WHAT TO DO: All of the entries are to be written out again verbatim.

##### EXTRACTED DATA

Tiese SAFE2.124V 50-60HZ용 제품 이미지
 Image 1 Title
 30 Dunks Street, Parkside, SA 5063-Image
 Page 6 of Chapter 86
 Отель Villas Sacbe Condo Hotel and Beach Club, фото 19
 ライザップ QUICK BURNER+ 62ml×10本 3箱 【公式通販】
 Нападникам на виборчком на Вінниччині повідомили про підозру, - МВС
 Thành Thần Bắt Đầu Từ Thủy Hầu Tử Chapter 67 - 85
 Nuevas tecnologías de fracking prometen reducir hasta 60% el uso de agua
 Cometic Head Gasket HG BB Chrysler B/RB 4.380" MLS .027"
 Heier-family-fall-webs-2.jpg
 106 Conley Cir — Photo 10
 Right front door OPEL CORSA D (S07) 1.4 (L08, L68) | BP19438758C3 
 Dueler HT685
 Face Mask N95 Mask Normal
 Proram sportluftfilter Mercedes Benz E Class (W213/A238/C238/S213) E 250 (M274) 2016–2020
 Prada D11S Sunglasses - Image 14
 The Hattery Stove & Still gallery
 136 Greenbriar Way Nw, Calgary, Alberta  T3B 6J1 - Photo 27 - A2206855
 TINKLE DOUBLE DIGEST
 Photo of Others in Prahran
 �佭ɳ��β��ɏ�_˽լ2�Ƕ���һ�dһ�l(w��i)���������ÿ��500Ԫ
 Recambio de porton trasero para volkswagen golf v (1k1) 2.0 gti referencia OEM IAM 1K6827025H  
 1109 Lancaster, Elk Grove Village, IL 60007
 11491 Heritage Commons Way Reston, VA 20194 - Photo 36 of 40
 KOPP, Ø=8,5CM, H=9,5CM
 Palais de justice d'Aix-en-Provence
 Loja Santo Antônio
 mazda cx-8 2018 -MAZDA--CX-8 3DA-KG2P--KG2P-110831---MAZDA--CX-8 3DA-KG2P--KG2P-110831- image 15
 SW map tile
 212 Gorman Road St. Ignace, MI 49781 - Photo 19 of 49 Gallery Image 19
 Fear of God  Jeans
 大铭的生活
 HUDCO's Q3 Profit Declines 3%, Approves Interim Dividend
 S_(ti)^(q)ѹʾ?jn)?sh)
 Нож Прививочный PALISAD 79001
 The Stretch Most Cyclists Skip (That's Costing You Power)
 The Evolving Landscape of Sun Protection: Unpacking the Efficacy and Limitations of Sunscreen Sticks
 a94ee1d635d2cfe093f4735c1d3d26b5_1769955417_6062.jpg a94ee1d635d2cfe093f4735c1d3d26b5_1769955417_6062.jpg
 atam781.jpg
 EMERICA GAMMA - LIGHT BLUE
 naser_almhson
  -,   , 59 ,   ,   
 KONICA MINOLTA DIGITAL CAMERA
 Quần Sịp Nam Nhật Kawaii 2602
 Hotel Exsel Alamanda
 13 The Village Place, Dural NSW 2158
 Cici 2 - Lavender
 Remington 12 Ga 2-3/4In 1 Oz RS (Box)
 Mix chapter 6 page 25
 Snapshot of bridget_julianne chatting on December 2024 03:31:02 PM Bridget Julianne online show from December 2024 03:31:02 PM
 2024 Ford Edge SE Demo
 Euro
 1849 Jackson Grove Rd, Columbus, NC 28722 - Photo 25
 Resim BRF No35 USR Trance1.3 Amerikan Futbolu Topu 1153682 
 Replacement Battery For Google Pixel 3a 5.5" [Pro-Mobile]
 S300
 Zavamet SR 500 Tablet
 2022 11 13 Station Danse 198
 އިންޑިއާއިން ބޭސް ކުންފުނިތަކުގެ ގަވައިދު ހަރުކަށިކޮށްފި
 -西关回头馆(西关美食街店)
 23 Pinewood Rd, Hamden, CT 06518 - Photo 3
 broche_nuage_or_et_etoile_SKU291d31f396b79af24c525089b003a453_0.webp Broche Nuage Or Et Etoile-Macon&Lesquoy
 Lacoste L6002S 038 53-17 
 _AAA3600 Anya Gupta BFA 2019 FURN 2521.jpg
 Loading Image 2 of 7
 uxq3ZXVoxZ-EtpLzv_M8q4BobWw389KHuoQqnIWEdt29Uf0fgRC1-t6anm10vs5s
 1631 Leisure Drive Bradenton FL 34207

##########

SOLUTION TO THE EXERCISE:
Tiese SAFE2.124V 50-60HZ용 제품 이미지
 Image 1 Title
 30 Dunks Street, Parkside, SA 5063-Image
 Page 6 of Chapter 86
 Отель Villas Sacbe Condo Hotel and Beach Club, фото 19
 ライザップ QUICK BURNER+ 62ml×10本 3箱 【公式通販】
 Нападникам на виборчком на Вінниччині повідомили про підозру, - МВС
 Thành Thần Bắt Đầu Từ Thủy Hầu Tử Chapter 67 - 85
 Nuevas tecnologías de fracking prometen reducir hasta 60% el uso de agua
 Cometic Head Gasket HG BB Chrysler B/RB 4.380" MLS .027"
 Heier-family-fall-webs-2.jpg
 106 Conley Cir — Photo 10
 Right front door OPEL CORSA D (S07) 1.4 (L08, L68) | BP19438758C3 
 Dueler HT685
 Face Mask N95 Mask Normal
 Proram sportluftfilter Mercedes Benz E Class (W213/A238/C238/S213) E 250 (M274) 2016–2020
 Prada D11S Sunglasses - Image 14
 The Hattery Stove & Still gallery
 136 Greenbriar Way Nw, Calgary, Alberta  T3B 6J1 - Photo 27 - A2206855
 TINKLE DOUBLE DIGEST
 Photo of Others in Prahran
 �佭ɳ��β��ɏ�_˽լ2�Ƕ���һ�dһ�l(w��i)���������ÿ��500Ԫ
 Recambio de porton trasero para volkswagen golf v (1k1) 2.0 gti referencia OEM IAM 1K6827025H  
 1109 Lancaster, Elk Grove Village, IL 60007
 11491 Heritage Commons Way Reston, VA 20194 - Photo 36 of 40
 KOPP, Ø=8,5CM, H=9,5CM
 Palais de justice d'Aix-en-Provence
 Loja Santo Antônio
 mazda cx-8 2018 -MAZDA--CX-8 3DA-KG2P--KG2P-110831---MAZDA--CX-8 3DA-KG2P--KG2P-110831- image 15
 SW map tile
 212 Gorman Road St. Ignace, MI 49781 - Photo 19 of 49 Gallery Image 19
 Fear of God  Jeans
 大铭的生活
 HUDCO's Q3 Profit Declines 3%, Approves Interim Dividend
 S_(ti)^(q)ѹʾ?jn)?sh)
 Нож Прививочный PALISAD 79001
 The Stretch Most Cyclists Skip (That's Costing You Power)
 The Evolving Landscape of Sun Protection: Unpacking the Efficacy and Limitations of Sunscreen Sticks
 a94ee1d635d2cfe093f4735c1d3d26b5_1769955417_6062.jpg a94ee1d635d2cfe093f4735c1d3d26b5_1769955417_6062.jpg
 atam781.jpg
 EMERICA GAMMA - LIGHT BLUE
 naser_almhson
  -,   , 59 ,   ,   
 KONICA MINOLTA DIGITAL CAMERA
 Quần Sịp Nam Nhật Kawaii 2602
 Hotel Exsel Alamanda
 13 The Village Place, Dural NSW 2158
 Cici 2 - Lavender
 Remington 12 Ga 2-3/4In 1 Oz RS (Box)
 Mix chapter 6 page 25
 Snapshot of bridget_julianne chatting on December 2024 03:31:02 PM Bridget Julianne online show from December 2024 03:31:02 PM
 2024 Ford Edge SE Demo
 Euro
 1849 Jackson Grove Rd, Columbus, NC 28722 - Photo 25
 Resim BRF No35 USR Trance1.3 Amerikan Futbolu Topu 1153682 
 Replacement Battery For Google Pixel 3a 5.5" [Pro-Mobile]
 S300
 Zavamet SR 500 Tablet
 2022 11 13 Station Danse 198
 އިންޑިއާއިން ބޭސް ކުންފުނިތަކުގެ ގަވައިދު ހަރުކަށިކޮށްފި
 -西关回头馆(西关美食街店)
 23 Pinewood Rd, Hamden, CT 06518 - Photo 3
 broche_nuage_or_et_etoile_SKU291d31f396b79af24c525089b003a453_0.webp Broche Nuage Or Et Etoile-Macon&Lesquoy
 Lacoste L6002S 038 53-17 
 _AAA3600 Anya Gupta BFA 2019 FURN 2521.jpg
 Loading Image 2 of 7
 uxq3ZXVoxZ-EtpLzv_M8q4BobWw389KHuoQqnIWEdt29Uf0fgRC1-t6anm10vs5s
 1631 Leisure Drive Bradenton FL 34207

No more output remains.